Quando Croce presentò 1984 sul Mondo al pubblico italiano, Togliatti lo stroncò come “una buffonata informe e noiosa” scritta da uno “spione”. Sono interessanti anche i saggi di Orwell raccolti nei meridiani di Mondadori. Orwell, antifascista, documenta il consenso internazionale avuto da Mussolini e nota: “Non c’è un solo (suo) misfatto che non sia stato altamente lodato proprio da coloro che ora vogliono processarlo …com’è possibile che un’azione giudicata lodevole nel momento in cui è stata compiuta, diventi ora improvvisamente condannabile?”. In realtà, aggiunge, “è colpevole del solo delitto che conti, quello di aver perso”. Orwell nota che a condannare i tiranni “dovrebbero essere i loro sudditi; quelli come Napoleone, puniti da un’autorità straniera, sono trasformati in martiri e leggende”. Profetica la sua descrizione nel 1943 della fuga di Mussolini con una valigia in Svizzera.

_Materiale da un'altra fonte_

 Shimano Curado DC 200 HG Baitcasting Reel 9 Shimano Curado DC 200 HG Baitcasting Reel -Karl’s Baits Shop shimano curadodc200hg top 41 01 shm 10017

Orwell non fu conservatore ma social-democratico, andò a combattere per la repubblica antifascista in Spagna, ma dopo aver visto gli orrori compiuti dai comunisti e dopo aver subito l’accusa comunista di essere un trotzkista traditore, dalla parte di Franco, capì che la malabestia principale fosse il comunismo e lo denunciò senza mezzi termini. La stessa esperienza ebbero Randolfo Pacciardi e Simone Weil, accorsi in Spagna per la guerra repubblicana e antifascista e inorriditi davanti agli orrori e ai crimini dei comunisti su falangisti, gente comune, adolescenti, suore e religiosi, anarchici perfino.
Nel ’49, Aldous Huxley scriveva a Orwell che l’incubo di 1984 coincideva con quello da lui descritto nel Mondo nuovo: i padroni del mondo avrebbero indotto le persone ad amare la propria schiavitù. La seduzione anestetizza l’umanità, nota Alberto Contri ne La sindrome del criceto (ed. La Vela) che citando Orwell e Huxley, Benson e Pasolini, esorta a ribellarsi, dando vita a Gruppi di resistenza umana, in sigla Gru, per “risollevare l’Italia”. Ma lo scenario orwelliano ha dimensione globale e virale.
Inquieta l’appendice di 1984 dove Orwell prevede che col XXI secolo sarebbe avvenuta la mutazione della lingua e della letteratura, ritradotta nella nuova ideologia, col progetto alla metà del nostro secolo di arrivare all’adozione integrale della neolingua. Stiamo anticipando i tempi. La lingua falsificata, il politically correct, la vigilanza ideologico-sanitaria, il passato cancellato e riscritto, il regime dei colossi del web, l’ascesa mondiale della Cina comunista e del suo virus globale sono segni che Orwell è purtroppo più vivo che mai. Sono scaduti i suoi diritti, non certo i suoi avvertimenti.